Einsatzgruppe “task forces” or “deployment groups” were Schutzstaffel (SS) paramilitary death squads of Nazi Germany that were responsible for mass killings, primarily by shooting, during World War II (1939–45). The Einsatzgruppen were involved in the murder of much of the intelligentsia and cultural elite of Poland, and had an integral role in the implementation of the so-called Final solution to the Jewish question, Die Endlösung der Judenfrage in territories conquered by Nazi Germany. Almost all of the people they killed were civilians, beginning with the intelligentsia and swiftly progressing to Soviet political commissars, Jews, and Gypsies as well as actual or alleged partisans throughout Eastern Europe.

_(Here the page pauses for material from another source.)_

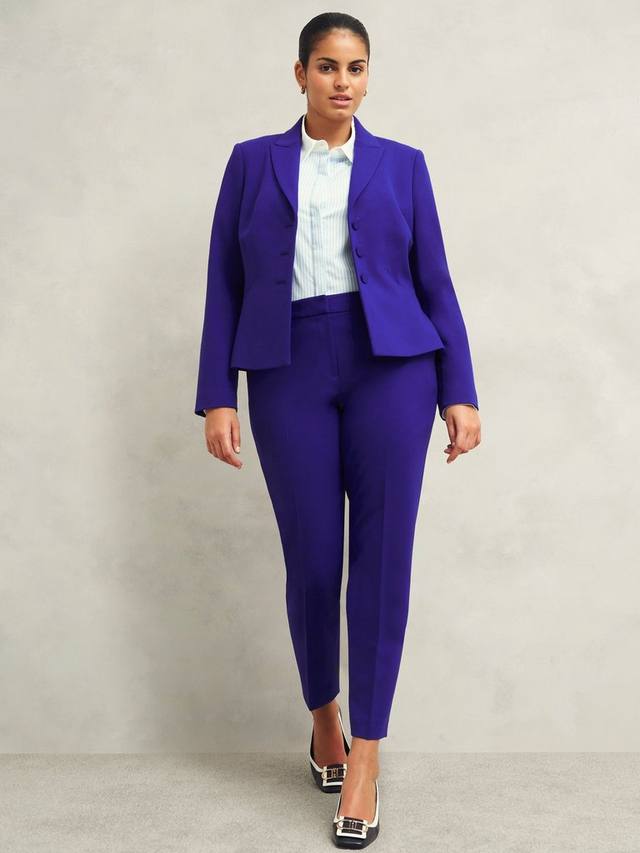 

Брюки Hobbs, цвет Cobalt Blue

Emil Haussmann was the son of an accountant in Ravensburg. Haussmann joined the NSDAP in January 1930] – three years before the Machtergreifung – at the age of 19. He was a grade school teacher. In 1937, he became a full-time employee of the Sicherheitsdienst (SD) , and took over the SD-Oberabschnitt Southwest, based in the Judenreferat in Stuttgart.
During the Invasion of Poland, Haussmann was part of Einsatzgruppe VI, under command of SS-Obersturmbannführer Gerhard Flesch . There he was the “right hand man” for SS Standartenführer Albert Rapp . Commanding this Einsatzgruppe was Erich Naumann , who later became a co-defendant of Haussmann. After the end of hostilities, Haussmann remained with Rapp in Poland; Rapp led the Umwandererzentralstelle in Posen. This office coordinated the expulsion of Poles, Ukrainians and Jews in Reichsgau Wartheland, Reichsgau Danzig-West Prussia, East Upper Silesia and Aktion Zamość.

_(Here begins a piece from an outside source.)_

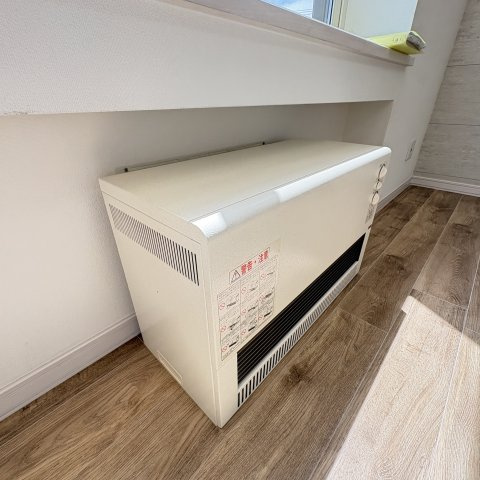 ＲＯＳＳＯ　Ａの設備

Haussmann took part in Einsatzkommando 12, under command of SS Obersturmbannführer Gustav Adolf Nosske during the invasion of the Soviet Union. In 1947 he was one of 24 defendants at the Einsatzgruppen Trial. On 29 July 1947, he received the indictment along with his co-defendants: (1) crimes against humanity, (2) war crimes, and (3) membership in a criminal organization . Two days later, before the arraignment, Haussmann committed suicide in his cell on 31 July 1947, age, 46, and was removed from the process. Thus, he was the only defendant at the Einsatzgruppen trial who escaped a sentence.
After World War II, in 1946, Gerhard Flesch was tried and sentenced, for the many cases of torture and murder, to execution by firing squad. The sentence was carried out at midnight at Kristiansten festning on 28 February 1948, age 38. Right before the order was given to fire, Gerhard Flesch shouted loudly “Heil Hitler”. SS Obersturmbannführer Gustav Adolf Nosske Nosske was arrested by the Allies and brought to trial at the Einsatzgruppen Trial in 1948 at Nuremberg. He was the only accused who did not seek clemency from General Lucius D. Clay in the American sector of occupation. On 10 April 1948 Nosske was sentenced to life imprisonment for war crimes. In 1951 his sentence was commuted to ten years in prison. Upon returning to civilian life he became a coach in Württemberg. On 26 March 1965 he testified as a witness at the Frankfurt Auschwitz Trials. Nosske died in 1990, age 87. The further life of Albert Rapp is unknown.